Saturday, April 28, 2007

Diggers

"Diggers" plays like the bad parts in a full season of a one-hour television drama series all mashed together than a well-edited, gripping feature. Sadly, the only digging going on here is literally for clams, and coins. The score (original music by David Mansfield) also screams "This guy is our friend, so we didn't have to pay for the rights. He's an insurance adjuster now."

The strong point of "Diggers" would be the honesty of the characters; aimless working class Long Islanders who live for sex, drugs and clams(?). But they are almost too human; thus, not always terribly interesting. Many of the scenes fall flat in this film, and leave one wondering why they weren't edited out, or better yet, why they were ever filmed to begin with.

The writer (Ken Marino), and director (Katherine Dieckmann) don't seem to be interested in maintaining any sort of theme, or thread to the story. Vaguely, it all revolves around the death of Hunt's (Paul Rudd), and Gina's (Maura Tierney) father; a clammer who made a decent living before the "South Shell" dynasty came into town. His death (hardly) functions as a catalyst for Hunt's friends, who are also a younger generation of clammers. Hunt's father symbolizes the death of the full-time, breadwinning clammer, and this is supposed to evoke an onslaught of adjustments.

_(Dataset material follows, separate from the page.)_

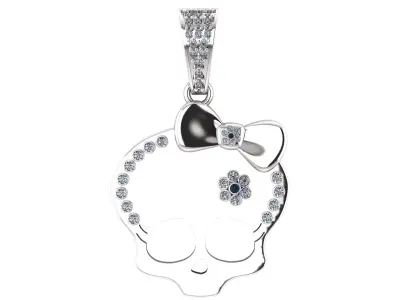 FEMALE SKULL DIAMOND PENDAN T3D PRINTABLE MODEL  3D print model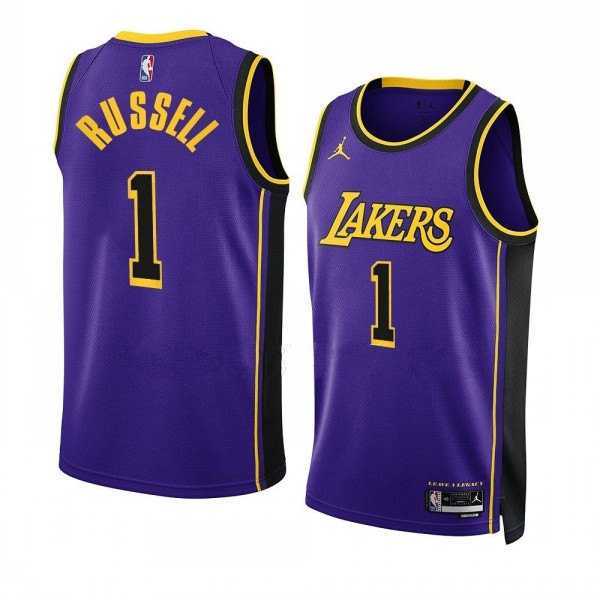 Men%27s Los Angeles Lakers #1 Russell Purple Stitched Basketball Jersey Dzhi Dzhi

The problem with all this supposed "change" is nobody seems to have any difficult decisions to make. Should we sit around, whine about the new corporation in town, and do drugs all day; or try to do something functional with our lives? Gee, I'm not sure; let's pop some pills, and think about this.

Also, if a writer or director chooses to make a character-driven film shouldn't the characterss be involved in complicated, and mysterious relationships? Sixteen year olds have friendships of this magnitude, but you'd think thirty-six year olds would have evolved into something deeper, perhaps something capable of evoking discomfort, or at least bigger change. But not these guys, not much has changed for them since high school, and so the decisions they're faced with are as complicated as that of a recent college graduate who functions at the pace of a sedated turtle. The tagline is "No one can drift forever," but you can't help but wonder if they're sure about this.

1 comment:

Homdollar said...

I like that you said the movie was "too human".